Вне этих двух групп большинство голосов было в пользу Австрии. Из бывших деятелей революции те, которых называли благоразумными якобинцами или старым словом конституционалистов, ретиво высказывались в пользу Габсбургского дома, что должно было служить неопровержимым доказательством их раскаяния. Нужно сказать, что и в партии роялистов было огромное количество своего рода конституционалистов. Многие из ее членов, сохраняя к изгнанной династий почтительную преданность, тем не менее, считались с условиями времени. Они признавали в Наполеоне новое могущественное воплощение монархического принципа, уживались с его режимом и охотно принимали государственные должности и придворные звания. Такие переходы из старого лагеря возрастали с каждым годом.
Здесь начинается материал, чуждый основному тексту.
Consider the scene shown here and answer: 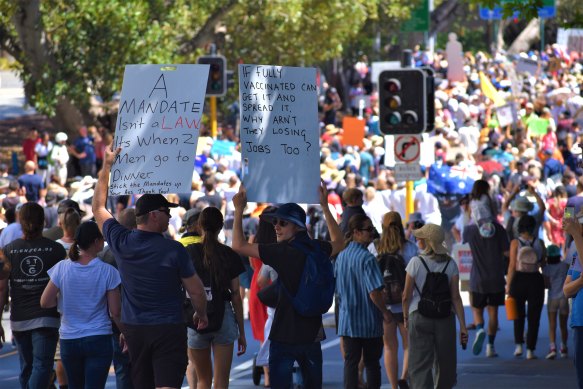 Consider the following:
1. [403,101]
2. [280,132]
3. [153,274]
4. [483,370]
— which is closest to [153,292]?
[153,274]

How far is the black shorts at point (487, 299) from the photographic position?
16.2m

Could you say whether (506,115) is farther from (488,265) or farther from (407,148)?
(488,265)

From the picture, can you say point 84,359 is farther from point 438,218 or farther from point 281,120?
point 438,218

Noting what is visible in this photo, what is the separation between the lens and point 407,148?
733 inches

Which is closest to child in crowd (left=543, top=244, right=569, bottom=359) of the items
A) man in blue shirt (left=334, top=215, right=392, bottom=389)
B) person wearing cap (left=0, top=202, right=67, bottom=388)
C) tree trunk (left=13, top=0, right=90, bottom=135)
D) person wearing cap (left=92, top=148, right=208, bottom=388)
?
man in blue shirt (left=334, top=215, right=392, bottom=389)

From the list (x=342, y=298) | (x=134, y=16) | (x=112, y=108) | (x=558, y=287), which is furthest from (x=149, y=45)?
(x=342, y=298)

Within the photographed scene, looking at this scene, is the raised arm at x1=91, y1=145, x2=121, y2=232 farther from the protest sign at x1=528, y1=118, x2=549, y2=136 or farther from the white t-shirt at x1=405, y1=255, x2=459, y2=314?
the protest sign at x1=528, y1=118, x2=549, y2=136

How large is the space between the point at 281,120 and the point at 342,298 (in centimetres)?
228

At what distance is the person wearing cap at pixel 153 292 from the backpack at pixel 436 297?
9.89 feet

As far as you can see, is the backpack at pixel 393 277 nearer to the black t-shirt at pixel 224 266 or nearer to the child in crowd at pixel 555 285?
the black t-shirt at pixel 224 266

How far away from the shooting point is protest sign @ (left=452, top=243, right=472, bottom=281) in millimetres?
17064

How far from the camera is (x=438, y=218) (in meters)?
22.2

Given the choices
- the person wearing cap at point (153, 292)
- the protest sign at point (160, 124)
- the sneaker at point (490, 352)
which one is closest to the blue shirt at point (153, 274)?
the person wearing cap at point (153, 292)

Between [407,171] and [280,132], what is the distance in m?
8.75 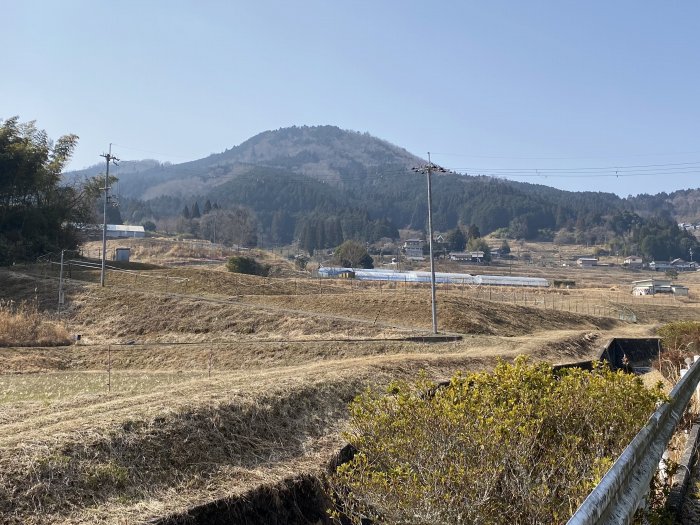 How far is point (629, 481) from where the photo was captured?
4.33 metres

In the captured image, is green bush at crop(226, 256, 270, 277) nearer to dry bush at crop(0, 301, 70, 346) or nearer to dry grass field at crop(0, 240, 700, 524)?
dry grass field at crop(0, 240, 700, 524)

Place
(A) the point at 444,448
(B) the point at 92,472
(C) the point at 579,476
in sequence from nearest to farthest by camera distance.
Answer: (C) the point at 579,476 < (A) the point at 444,448 < (B) the point at 92,472

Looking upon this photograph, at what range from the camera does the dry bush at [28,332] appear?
3147 centimetres

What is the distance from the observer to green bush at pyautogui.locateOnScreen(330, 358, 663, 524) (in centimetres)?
608

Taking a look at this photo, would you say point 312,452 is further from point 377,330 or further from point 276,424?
point 377,330

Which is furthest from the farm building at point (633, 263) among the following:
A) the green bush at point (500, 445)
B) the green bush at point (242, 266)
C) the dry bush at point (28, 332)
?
the green bush at point (500, 445)

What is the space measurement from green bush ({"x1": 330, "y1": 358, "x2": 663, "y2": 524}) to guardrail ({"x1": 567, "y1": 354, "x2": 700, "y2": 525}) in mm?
461

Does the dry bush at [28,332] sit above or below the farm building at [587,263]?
below

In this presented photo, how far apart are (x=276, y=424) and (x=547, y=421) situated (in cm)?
718

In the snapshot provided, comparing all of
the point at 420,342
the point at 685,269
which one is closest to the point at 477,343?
the point at 420,342

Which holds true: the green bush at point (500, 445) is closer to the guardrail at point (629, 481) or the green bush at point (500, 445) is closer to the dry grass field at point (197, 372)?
the guardrail at point (629, 481)

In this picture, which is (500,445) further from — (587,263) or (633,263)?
(633,263)

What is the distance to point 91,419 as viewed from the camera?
11.0 metres

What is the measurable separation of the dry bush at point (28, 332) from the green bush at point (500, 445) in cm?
2843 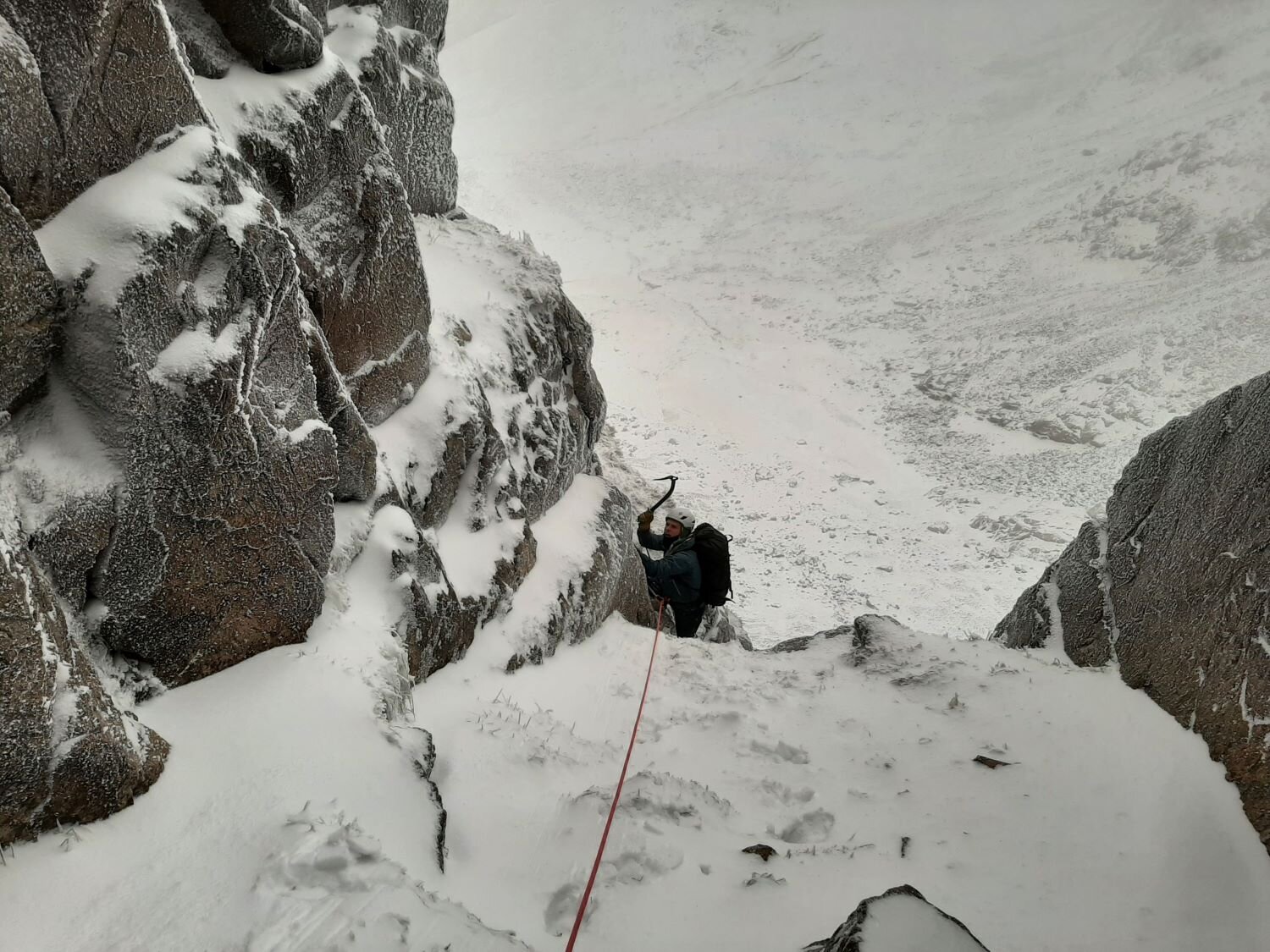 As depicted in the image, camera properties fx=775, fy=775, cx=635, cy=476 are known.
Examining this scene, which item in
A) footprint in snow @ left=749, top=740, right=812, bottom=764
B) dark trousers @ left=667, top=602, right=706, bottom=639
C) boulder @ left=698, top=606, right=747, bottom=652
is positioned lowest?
boulder @ left=698, top=606, right=747, bottom=652

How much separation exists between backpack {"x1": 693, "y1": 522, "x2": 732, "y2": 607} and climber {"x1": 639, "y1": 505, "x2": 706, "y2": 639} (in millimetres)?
83

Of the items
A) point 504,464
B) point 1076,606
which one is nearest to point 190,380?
point 504,464

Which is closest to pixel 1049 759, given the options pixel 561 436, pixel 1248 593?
pixel 1248 593

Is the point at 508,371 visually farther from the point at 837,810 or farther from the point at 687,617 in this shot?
the point at 837,810

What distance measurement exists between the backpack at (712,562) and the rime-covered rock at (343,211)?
4.51 m

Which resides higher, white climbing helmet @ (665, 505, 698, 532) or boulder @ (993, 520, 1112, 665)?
boulder @ (993, 520, 1112, 665)

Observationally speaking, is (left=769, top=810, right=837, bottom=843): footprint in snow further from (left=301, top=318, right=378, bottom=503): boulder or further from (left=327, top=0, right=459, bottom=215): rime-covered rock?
(left=327, top=0, right=459, bottom=215): rime-covered rock

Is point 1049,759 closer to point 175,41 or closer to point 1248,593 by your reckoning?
point 1248,593

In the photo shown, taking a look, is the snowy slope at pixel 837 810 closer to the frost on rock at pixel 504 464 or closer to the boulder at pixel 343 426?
the frost on rock at pixel 504 464

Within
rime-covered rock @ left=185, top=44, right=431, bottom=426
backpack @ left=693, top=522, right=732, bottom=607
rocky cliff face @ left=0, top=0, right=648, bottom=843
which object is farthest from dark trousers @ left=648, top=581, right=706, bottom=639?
rime-covered rock @ left=185, top=44, right=431, bottom=426

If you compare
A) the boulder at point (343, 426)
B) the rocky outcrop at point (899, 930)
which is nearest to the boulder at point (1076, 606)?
the rocky outcrop at point (899, 930)

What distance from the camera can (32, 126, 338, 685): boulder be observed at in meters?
3.70

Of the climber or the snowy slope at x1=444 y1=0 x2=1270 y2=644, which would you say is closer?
the climber

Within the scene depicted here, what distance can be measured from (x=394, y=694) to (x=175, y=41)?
3.99 m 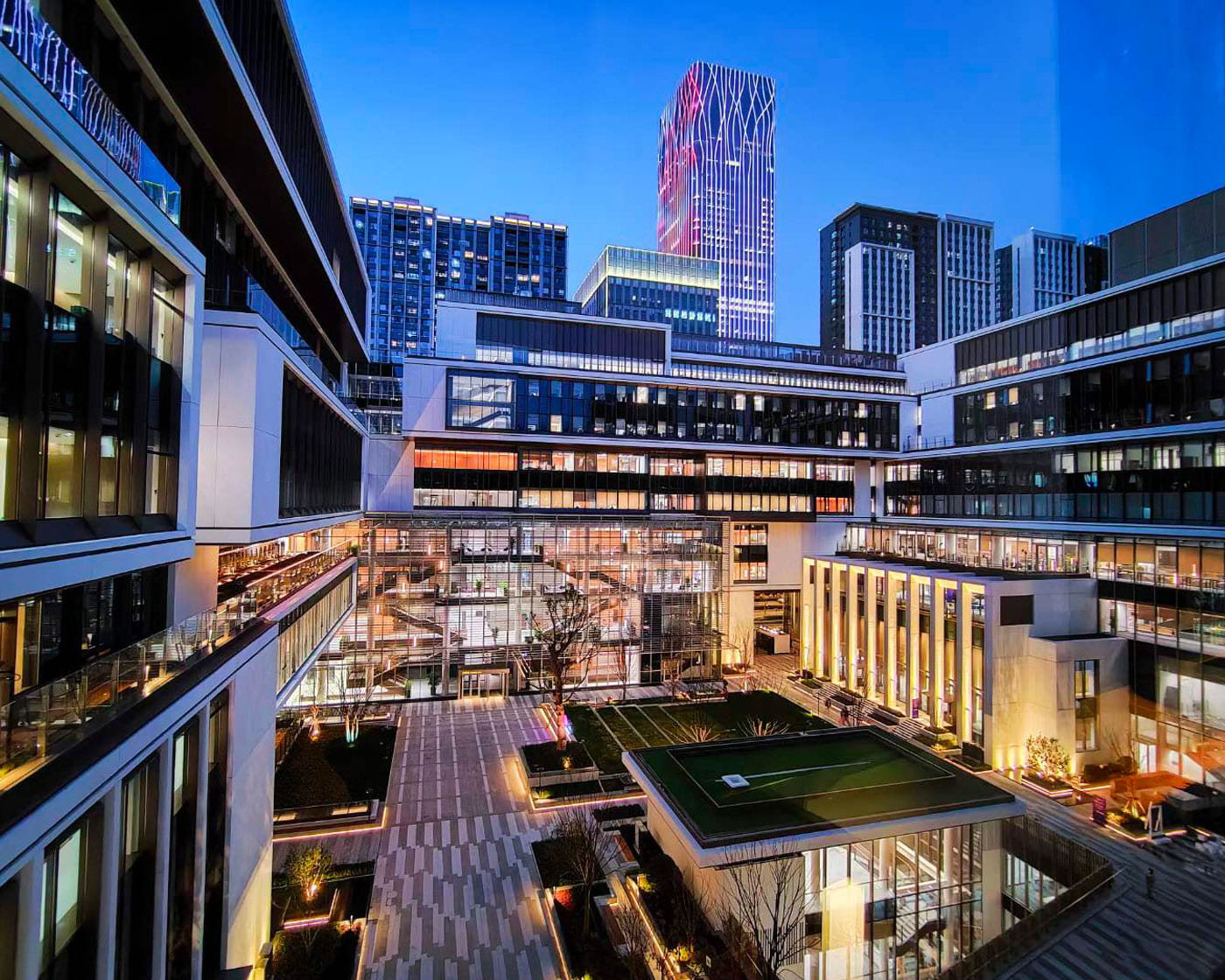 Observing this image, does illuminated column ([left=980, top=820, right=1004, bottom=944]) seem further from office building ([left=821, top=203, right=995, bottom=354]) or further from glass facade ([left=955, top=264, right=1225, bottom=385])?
office building ([left=821, top=203, right=995, bottom=354])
Вступая в ряды правительства, они не отказывались от права домогаться своей доли влияния и старались направить дела государства сообразно своим идеям. Австрийский брак не только отвечал их принципам, но и успокоил бы их совесть. Они чувствовали бы себя на службе императора гораздо лучше, когда бы он сделался двоюродным внуком Марии-Антуанетты. Эта партия присоединившихся, приобретавшая при дворе все более выдающееся положение, оказывала решающее давление в пользу Австрии.
Сверх того, салоны высказывались не в пользу русского брака по причинам чисто личного свойства; это были скорее предрассудки, чем доводы. Представители Австрии в Париже были люди интеллигентные, хорошего тона, чего далеко нельзя было сказать о представителях России. Члены австрийского посольства держали себя с большим достоинством, чем их северные коллеги; их чаще видели; они производили впечатление более светских. В Париже русские искали, главным образом, развлечений, не особенно затрудняясь в выборе удовольствий и не очень заботились о поддержании достоинства, какое подобало величию их двора. За небольшими исключениями, русская колония отличалась бестолковой роскошью, а не умением держать себя.[335] Несмотря на всю свою пышность, на приемы, “великолепие которых можно сравнить только с царившей на них скукой”,[336] князю Куракину не удалось сделать свой дом центром изящного и избранного общества. Его слабости и странности были предметом насмешек; он считался “лучшим из людей, но ничтожнейшим из посланников”.[337] Какая разница с блестящим графом Меттернихом, который оставил по себе в Париже самые приятные воспоминания, который за время своей миссии создал себе полезные связи, привлек на свою сторону женщин и большую часть своих успехов искал в лучшем обществе! Старое французское общество, чуть не половина которого сгруппировалась вокруг императорского трона, имело очень много общего во вкусах и воспитании с дипломатами из рядов венской аристократии; которая играла в Париже роль не только благодаря титулованным представителям, но также и немецким принцам и высочайшим особам, в родстве с которыми она состояла. По сравнению с Австрией, Россия – с ее вкусами и обычаями – была далека от нас, как в нравственном, так и в физическом отношении; брак с русской великой княжной, что бы ни говорили, был в глазах света браком с принцессой из чуждого нам мира.